5
$\begingroup$

In my algebraic topology class we showed how to calculate the homology groups of $S^n$, using the tools of singular homology, however we did not discuss other ways of doing it; my question - is there any relatively simple way of doing this, using simplicial homology? I tried thinking about this for a bit, but couldn't see any obvious direction.

Thanks.

  • 0
    You could count the number of $n$-cycles that are not $n$-boundaries.2011-01-24
  • 4
    Yes, you can do it using simplicial homology. The idea is to compute the homology inductively. Start with $S^0$. Triangulate the suspension of $S^n$ as the union of two cones on $S^n$.2011-01-24
  • 0
    Ryan - thanks, this way seems nice. One can also use the fact that $H_{n+1}(SX) = H_n(X)$ where $SX$ is the suspension of X (I proved this using tools of singular homology, though).2011-01-25
  • 0
    Yes, the Mayer-Vietoris sequence in reduced (singular) homology proves that $\tilde{H}_n(S(X))\cong \tilde{H}_{n-1}(X)$ for all positive integers $n$ (where $X$ is a topological space and $S(X)$ is the suspension of $X$). Once you note that the suspension of the $n$-sphere is homeomorphic to the $(n+1)$-sphere for all nonnegative integers $n$, you can apply Ryan's idea.2011-12-15
  • 0
    To show the equivalence between simplicial and singular homology we need to first prove that the identity map is a generator, as in Hatcher Example 2.23 used in Theorem 2.27, which uses tools such as excision and long exact sequence. So if what you want to calculate is *singular* homology of the sphere, I would suspect there is no easier way without excision, or, barycentric subdivision.2017-06-26

2 Answers 2

7

Using simplicial homology you can triangulate the sphere as the boundary of an $(n+1)$-simplex, and work out the chain complex by hand.

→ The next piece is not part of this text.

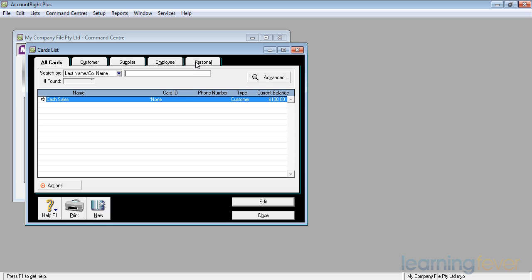Because we are going to be dealing first of all though with our customers, if I click on the customer tag, nothing much changes except that I will just be talking to customers and the first one in there is the cash sales customer.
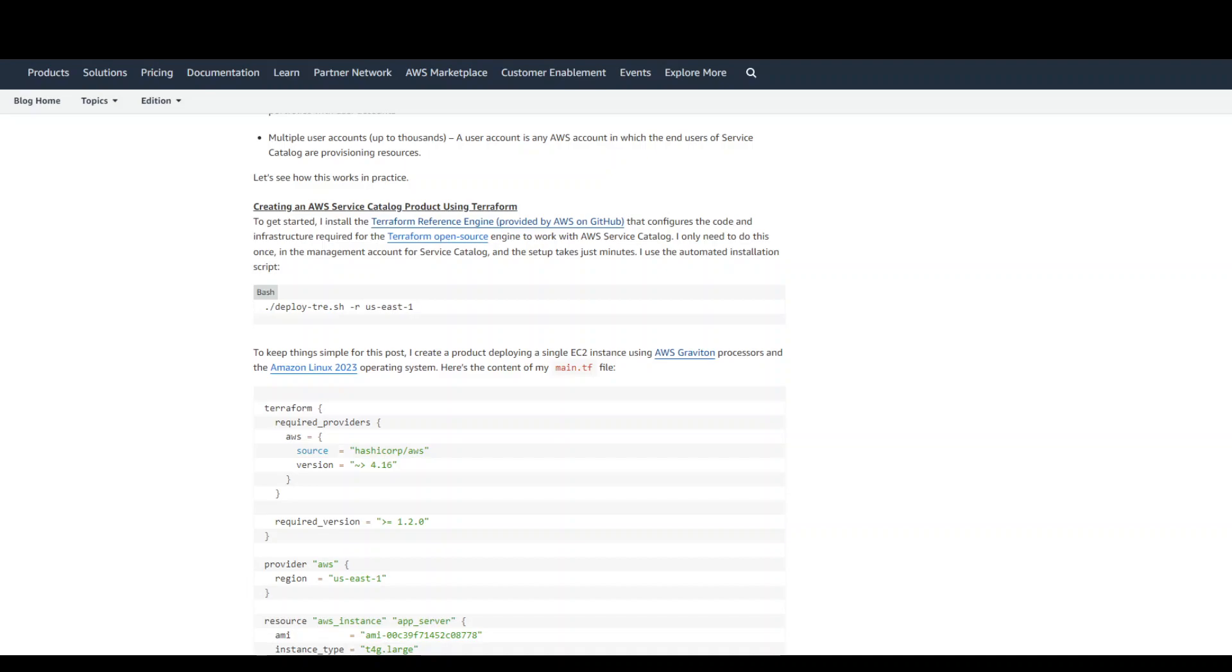The good news is that now, along with AWS CloudFormation, you can also use Terraform as an infrastructure code language in your Service Catalog.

With cellular homology it is even easier since $S^n$ is the union of an $n$-cell and a $0$-cell. The chain complex has a single $\mathbb Z$ in degree $0$ and a single $\mathbb Z$ in degree $n$. In all other degrees it is zero.

3

Another rather quick way to compute the groups is with cellular homology. Here the $n$th chain group is generated by the $n$-cells of your CW-complex. The boundary map has to do with degree maps; but in your case it is simple. An $n$-sphere is a 0-cell with an $n$-cell attached by mapping the boundary $S^{n-1}$ to the 0-cell. If $n>1$ then all the maps in the chain complex must be 0 because the chain groups are trivial except for the $n$-chains and 0-chains. The homology of such a complex is easy to compute.

  • 1
    Hi Joe, wouldn't this be sort of circular logic, though, since in order to show the equivalence between cellular and singular/simplicial homology (we had already shown that these two are equivalent) we use the homology of the sphere?2011-01-25
  • 0
    That's possible!2011-01-27